As the dinner party started, the woman made a beeline for Jesus. She came up behind Jesus with a bottle of perfume and in the words of Peterson’s Bible version “stood at his feet weeping, raining tears on his feet. Letting down her hair, she dried his feet, kissed them, and anointed them with the perfume.”

At this point in my seminar I ask, “Now, if you were Jesus, and this had happened to you, how would you feel being in full view of the muckety muck dinner guests from your town?” You can probably guess the answers, especially from men in the seminar. “Uncomfortable.” “Nervous.” “Embarrassed.” “Stressed.”

As the woman wiped lotion off Jesus’ feet with her flowing hair, the host feels disdain toward him. Jesus the guest has become Jesus the fraud. One guy once told me that merely reading this story makes him feel tense. When I asked him what he would have done if he had been Jesus, he was quick to answer, “Oh, that’s easy. I’d have gotten out there as fast I could have. I probably would have bolted right in front of everyone.”

When presented with a stressful conflict, many people do in fact flee. Most can imagine few things worse than being publicly humiliated. But not everyone flees. A few stand their ground. “Excuse me, Mr. Simon the Pharisee. You and your cronies are sitting here looking down on me and this poor woman. I am one of your guests tonight. Frankly, I don’t appreciate your smirks or your judgment. You owe an apology to both the woman and me.”
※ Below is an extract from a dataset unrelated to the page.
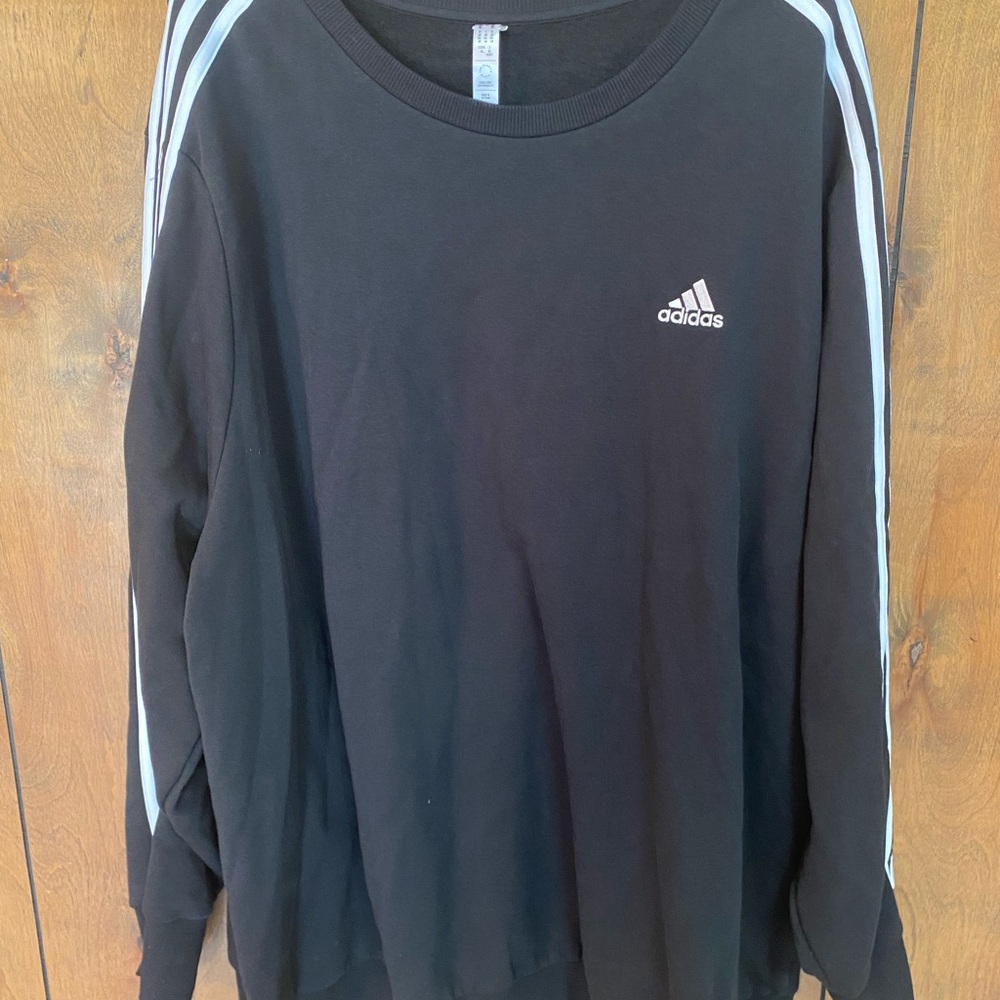 adidas Black Sweatshirt with White Stripes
Still others freeze. Those in that group go quiet and don’t say anything, even though their stomachs are doing somersaults. Dissociating from reality, they emotionally numb out, solidly embedding themselves deep into the land of numb. If we see someone freeze and ask, “Are you okay?”, they answer from the land of numb: “Sure. Lovely Party.”

At this point you can guess one of the questions I ask those in my seminar. “How do we stay emotionally present when things get tense and we feel out of control?”  Well, what did Jesus do? With a woman wiping lotion from his feet with her hair, and with all eyes in the room on him, Jesus stood and asked the host if he could speak.
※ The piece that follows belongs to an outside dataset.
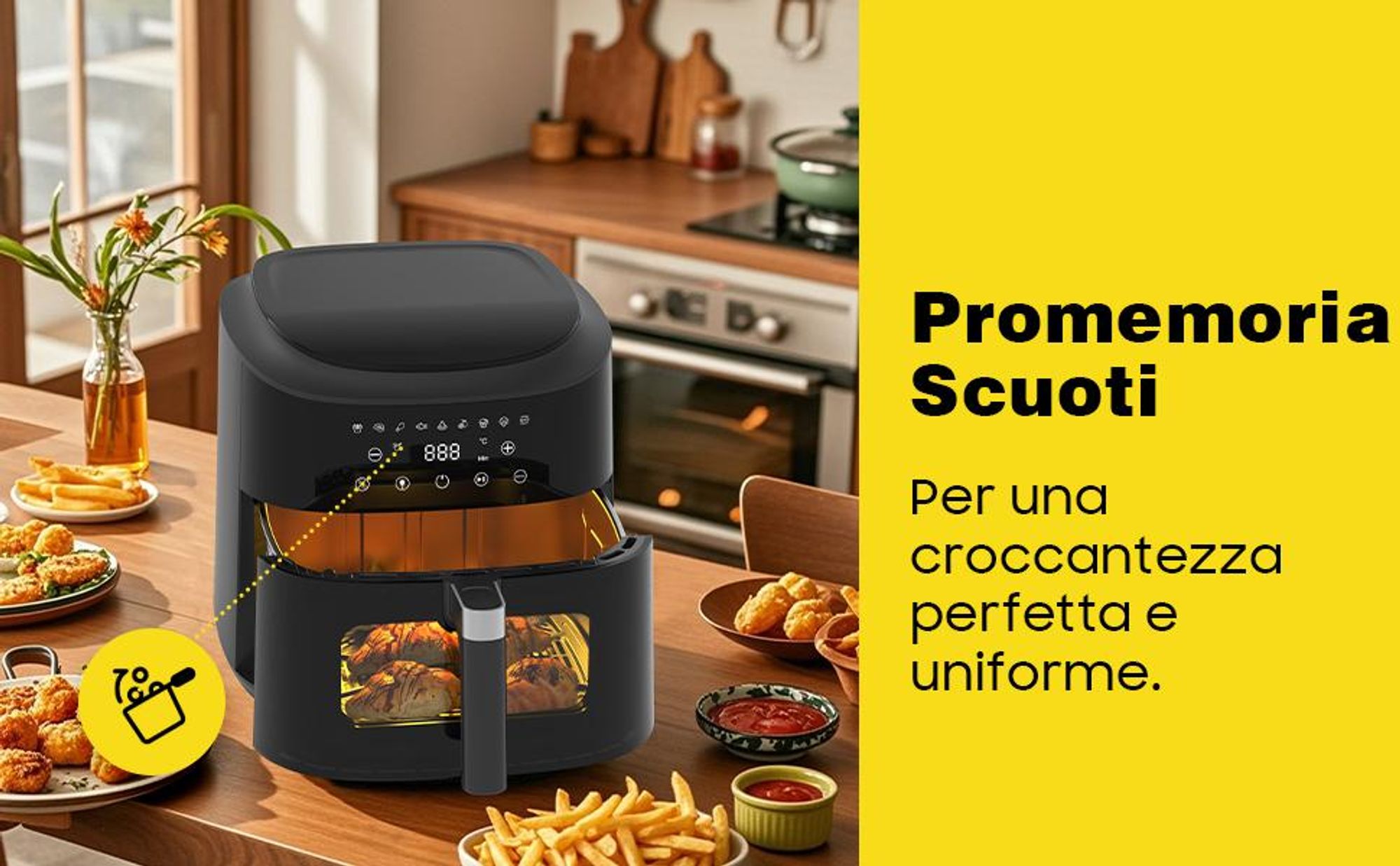 Friggitrice ad aria visibile 9L 2350W, schermo touch, circolazione aria 360°, 9 programmi automatici, display LED, grigliatura e cottura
The host gave Jesus the floor. With the woman next to him, Jesus told the guests this parable. A certain money lender had two debtors. One owed a debt of nearly two years wages, while the other owed a debt of two months wages.  The moneylender unexpectedly forgave the debt of both debtors.

Looking at his host, Jesus asked which of the two would love the moneylender more. “The one, I suppose, for whom he cancelled the larger debt,” answered Simon the Pharisee.

“That’s right,” Jesus said. Then turning to the woman Jesus said the woman’s debts were significant.  And yet, he said her behavior toward him was prompted solely by deep love and profound repentance.  Turning to Simon, Jesus pointed out that Simon had not given him any of the customary Palestinian greetings when Jesus arrived for the party. The contrast between the woman’s actions and the host’s inhospitality was not lost on any in the room.

Now let’s be honest. At any given moment in most of our social interactions, we all have many emotions coursing through us – all at the same time! We are happy and sad and angry and ashamed and embarrassed and who knows what else. Though we want to stay calm, speaking the truth with love in stressful predicaments, our emotions get us all jumbled. Sometimes we respond way too defensively. Other times we deny our emotions all together, naively thinking if we sweep emotions under the carpet we’ll be done with them.

We all get caught off guard, just like Jesus did. That’s when we most need to be emotionally present, staying in the ring and remembering that Jesus stayed present and engaged when abruptly overwhelmed by a desperate woman.

Even though his courage made all the guests in the room harrumph with derision, Jesus stayed engaged, standing up for a woman who crashed the party. When we are emotionally present, we have the best chance of doing the right thing, of courageously loving ourselves and others, even when we may have to pay the price of not being liked.